DATASET EXTRACT —
----------
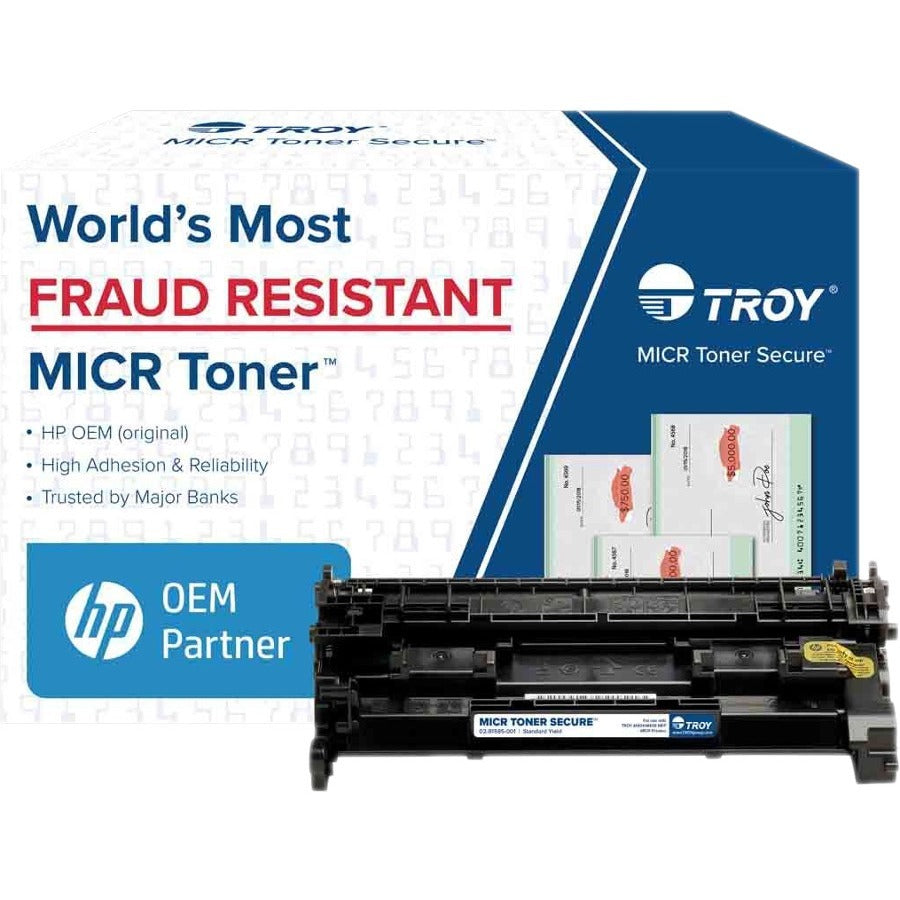 02CF258A001 258A MICR Toner Secure, Alternative for HP CF258A, Black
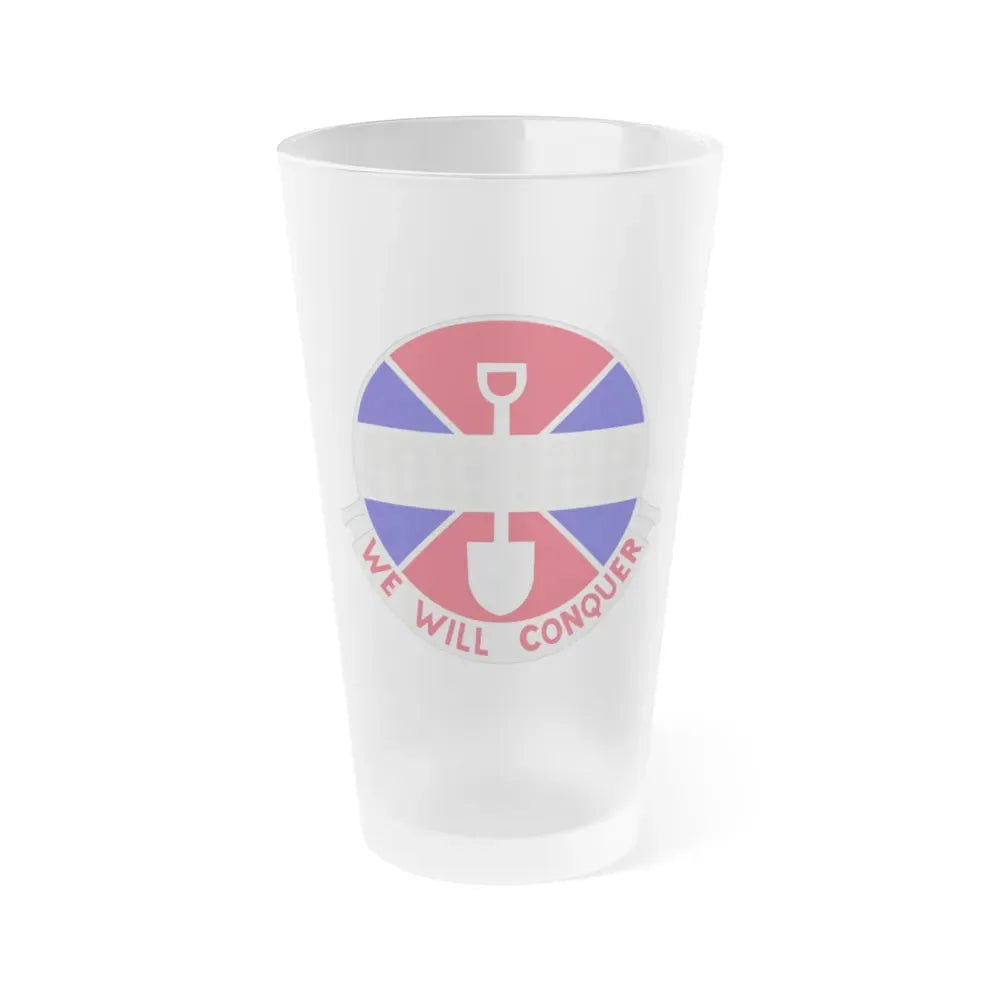 902 Engineer Company (U.S. Army) Frosted Pint Glass 16oz Default Title - Go Mug Yourself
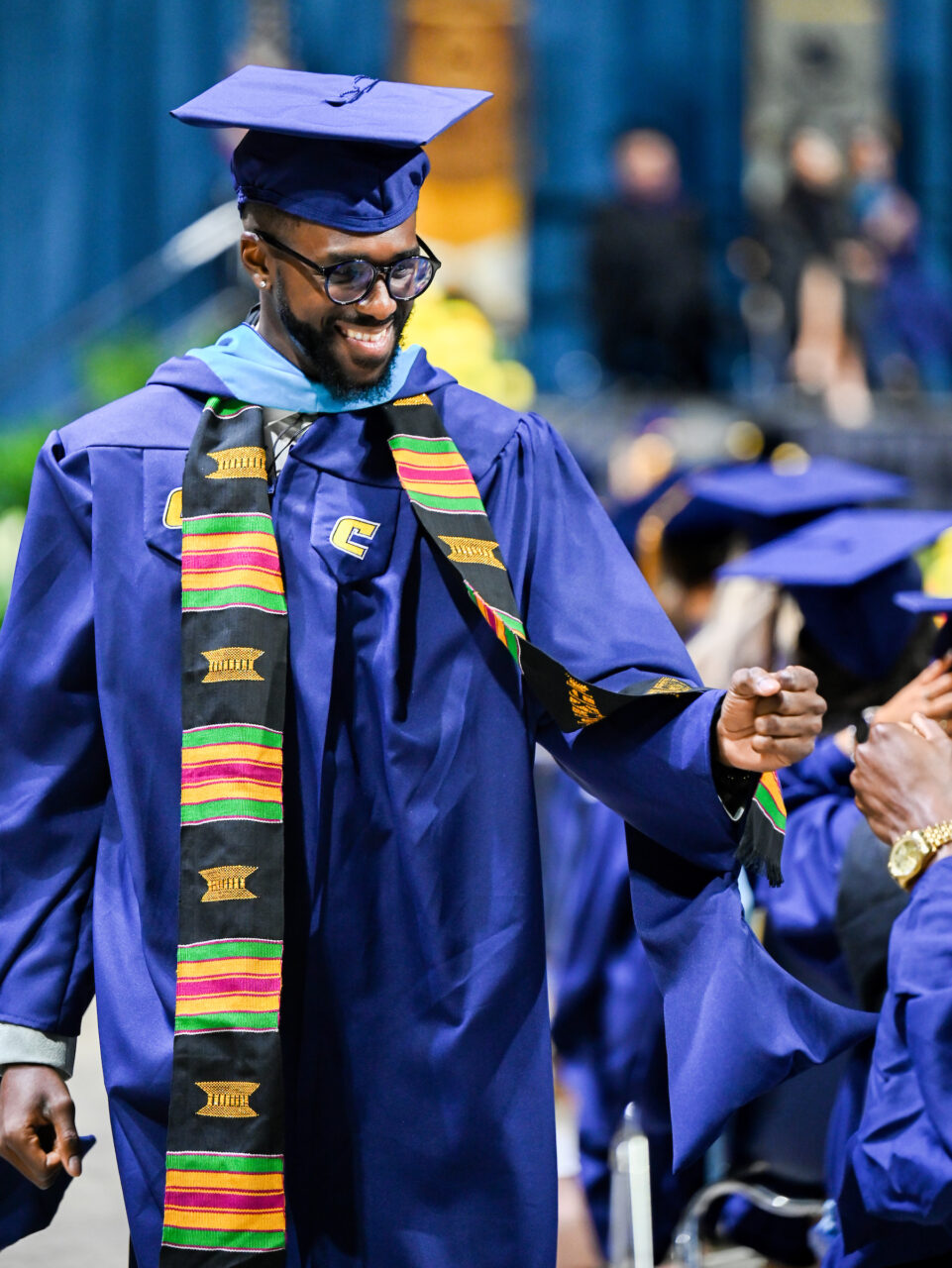 Graduate school graduation, Friday, May 6, 2022 in McKenzie Arena.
----------
WORK REQUEST — In the reply, every line of the material above is to be reproduced verbatim, and the images are to be left out.

EXERCISE RESULT —
 02CF258A001 258A MICR Toner Secure, Alternative for HP CF258A, Black
 902 Engineer Company (U.S. Army) Frosted Pint Glass 16oz Default Title - Go Mug Yourself
 Graduate school graduation, Friday, May 6, 2022 in McKenzie Arena.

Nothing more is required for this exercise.